Adding an improvement to existing functionality would not normally rate as a “featured story” for our Round Up, but in this case it does because as far as we’re concerned, dynamic referencing was useless at best and dangerous at worst due to this limitation. This is a huge win for building CloudFormation stacks with externalized configuration.

Miscellaneous News

  • Public Parameters can now be queried. This announcement is both poorly named and undersold. AWS exposes a ton of useful things as public parameters in System Manager Parameter Store, and occasionally reference them in their documentation. There’s never been a way to catalog all of the public parameters available–and there’s a ton.
  • AWS ElasticSearch now supports async queries. This is a neat feature that lets you run long-running queries in the background, but the bigger story here is the start of drift between the open source ElasticSearch and Amazon’s fork of it.
  • EC2 Image Builder supports Auto Scaling launch template. EC2 Image Builder is incredibly useful but also very incomplete. We use it aggressively but also eagerly anticipate the day when it’s “feature complete” An example is how difficult it was to automatically update launch templates. Previously, Lambda, SNS and a lot of hard wiring was required. Now, you can automatically update launch template when new versions come out. Depending on your ASG’s launch policy, this may or may not cause automatic deployment of new instances so be sure you have the settings that make sense for your use case before using this.
  • Announcing general availability of Amazon Redshift native JSON and semi-structured data support. Redshift now integrates native JSON query functionality. The most important thing to keep in mind about this feature is that you probably shouldn’t be using it. But it is neat.
  • Amazon EC2 supports replacing root volumes. This is one of those features that we would’ve used a thousand times over the years if it were available. Every once in a while, a root volume gets hosed. Sometimes, it’s AWS’ fault (EBS volume corruption, etc). Sometimes, it’s your fault (fat fingers in auth config files). Either way, the time consuming dance required to fix the problem could take an hour or more. Now, you can do it without even rebooting the instance.
  • AWS Patch Manager now supports reporting. AWS Patch Manager has been “almost useful” for years. With reporting, Patch Manager now deserves serious consideration as a way to handle patching in the cloud–and even on prem if needed.

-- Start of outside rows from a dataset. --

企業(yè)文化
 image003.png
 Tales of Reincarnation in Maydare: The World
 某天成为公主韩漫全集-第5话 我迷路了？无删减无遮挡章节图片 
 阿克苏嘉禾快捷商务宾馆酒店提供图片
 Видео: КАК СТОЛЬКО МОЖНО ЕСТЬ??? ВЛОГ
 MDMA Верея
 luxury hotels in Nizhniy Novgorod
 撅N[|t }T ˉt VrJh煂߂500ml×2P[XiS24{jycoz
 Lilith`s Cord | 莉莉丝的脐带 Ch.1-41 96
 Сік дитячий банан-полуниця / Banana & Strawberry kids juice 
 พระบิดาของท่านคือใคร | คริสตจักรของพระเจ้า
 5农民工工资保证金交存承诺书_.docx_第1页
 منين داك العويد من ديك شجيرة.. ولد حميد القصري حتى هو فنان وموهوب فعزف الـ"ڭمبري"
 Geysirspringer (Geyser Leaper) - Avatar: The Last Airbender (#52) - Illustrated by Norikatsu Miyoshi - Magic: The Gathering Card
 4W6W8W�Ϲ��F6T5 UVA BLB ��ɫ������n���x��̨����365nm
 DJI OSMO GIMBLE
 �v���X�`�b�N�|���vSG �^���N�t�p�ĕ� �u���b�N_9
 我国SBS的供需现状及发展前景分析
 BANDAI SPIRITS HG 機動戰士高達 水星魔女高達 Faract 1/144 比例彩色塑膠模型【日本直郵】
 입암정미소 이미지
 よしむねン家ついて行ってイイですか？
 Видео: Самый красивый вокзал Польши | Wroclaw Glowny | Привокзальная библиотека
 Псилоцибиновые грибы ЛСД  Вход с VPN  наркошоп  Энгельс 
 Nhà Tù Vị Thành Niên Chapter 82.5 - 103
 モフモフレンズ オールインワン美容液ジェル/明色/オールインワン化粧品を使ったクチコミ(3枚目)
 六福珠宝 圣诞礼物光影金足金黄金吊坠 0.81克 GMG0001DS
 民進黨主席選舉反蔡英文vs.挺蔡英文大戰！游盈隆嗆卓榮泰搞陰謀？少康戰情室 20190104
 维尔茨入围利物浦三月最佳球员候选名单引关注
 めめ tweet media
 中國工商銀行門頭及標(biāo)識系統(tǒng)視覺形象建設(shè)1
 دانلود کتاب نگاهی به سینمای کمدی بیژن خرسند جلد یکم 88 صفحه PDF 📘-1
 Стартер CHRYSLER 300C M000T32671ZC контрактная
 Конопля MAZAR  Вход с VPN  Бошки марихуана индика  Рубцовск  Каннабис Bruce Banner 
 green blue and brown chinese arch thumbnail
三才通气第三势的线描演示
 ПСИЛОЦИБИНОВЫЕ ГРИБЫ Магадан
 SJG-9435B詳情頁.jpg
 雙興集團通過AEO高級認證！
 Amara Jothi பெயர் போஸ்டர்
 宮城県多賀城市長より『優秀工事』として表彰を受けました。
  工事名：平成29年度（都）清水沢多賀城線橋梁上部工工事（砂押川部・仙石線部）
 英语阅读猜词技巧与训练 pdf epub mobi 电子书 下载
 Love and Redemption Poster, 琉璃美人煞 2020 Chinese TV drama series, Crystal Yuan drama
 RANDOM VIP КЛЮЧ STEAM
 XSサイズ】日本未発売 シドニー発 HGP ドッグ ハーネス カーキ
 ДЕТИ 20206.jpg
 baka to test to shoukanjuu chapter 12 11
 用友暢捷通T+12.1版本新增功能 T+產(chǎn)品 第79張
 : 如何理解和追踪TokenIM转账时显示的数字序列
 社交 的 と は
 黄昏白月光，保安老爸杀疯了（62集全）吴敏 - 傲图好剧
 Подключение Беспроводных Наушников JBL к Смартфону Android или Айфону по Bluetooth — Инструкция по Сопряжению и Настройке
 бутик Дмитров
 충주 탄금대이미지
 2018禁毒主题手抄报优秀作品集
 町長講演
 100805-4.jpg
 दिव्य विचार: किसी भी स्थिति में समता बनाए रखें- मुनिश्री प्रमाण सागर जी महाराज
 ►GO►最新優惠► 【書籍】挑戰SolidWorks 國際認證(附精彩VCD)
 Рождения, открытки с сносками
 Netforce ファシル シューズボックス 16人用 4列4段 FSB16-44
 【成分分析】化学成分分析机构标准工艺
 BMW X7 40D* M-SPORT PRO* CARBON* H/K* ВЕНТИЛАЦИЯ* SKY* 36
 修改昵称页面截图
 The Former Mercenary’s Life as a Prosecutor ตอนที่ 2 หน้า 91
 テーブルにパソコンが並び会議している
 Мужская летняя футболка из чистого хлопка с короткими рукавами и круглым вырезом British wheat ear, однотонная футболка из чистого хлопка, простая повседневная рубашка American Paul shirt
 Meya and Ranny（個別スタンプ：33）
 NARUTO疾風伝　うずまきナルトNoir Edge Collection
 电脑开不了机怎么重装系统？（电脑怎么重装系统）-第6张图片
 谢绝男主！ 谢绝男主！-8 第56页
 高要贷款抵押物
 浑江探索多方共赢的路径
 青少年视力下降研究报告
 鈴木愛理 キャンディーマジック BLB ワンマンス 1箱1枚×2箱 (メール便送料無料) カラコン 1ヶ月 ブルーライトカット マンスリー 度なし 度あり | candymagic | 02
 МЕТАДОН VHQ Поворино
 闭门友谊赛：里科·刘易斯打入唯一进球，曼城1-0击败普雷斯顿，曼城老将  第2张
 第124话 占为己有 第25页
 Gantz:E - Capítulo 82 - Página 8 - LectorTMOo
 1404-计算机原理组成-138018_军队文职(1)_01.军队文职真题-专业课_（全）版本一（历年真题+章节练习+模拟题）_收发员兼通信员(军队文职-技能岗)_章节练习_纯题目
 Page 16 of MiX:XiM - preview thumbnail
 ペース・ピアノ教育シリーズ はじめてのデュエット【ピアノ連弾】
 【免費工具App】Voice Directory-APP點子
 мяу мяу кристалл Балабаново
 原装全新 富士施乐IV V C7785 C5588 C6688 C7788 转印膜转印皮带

  • IAM can now tie events to corporate identities. For many who are using SSO solutions such as AWS SSO, ADFS or SAML, it can be difficult to precisely tie CloudTrail events to a specific user. You can now configure your SSO platform to specify the exact username, which will be logged (and searchable) in CloudTrail. Read the docs on Source Identity to learn more.
  • VPC Flow Logs adds seamless Athena support. VPC Flow Logs, S3/ELB access logs and even CloudTrail logs can be incredibly difficult to search on. Athena has always provided a powerful search interface that can sit on top of the raw data in S3, but it can be intimidating (and manual) to configure. This can now be configured automatically for VPC Flow Logs, and we hope access logs are next in line.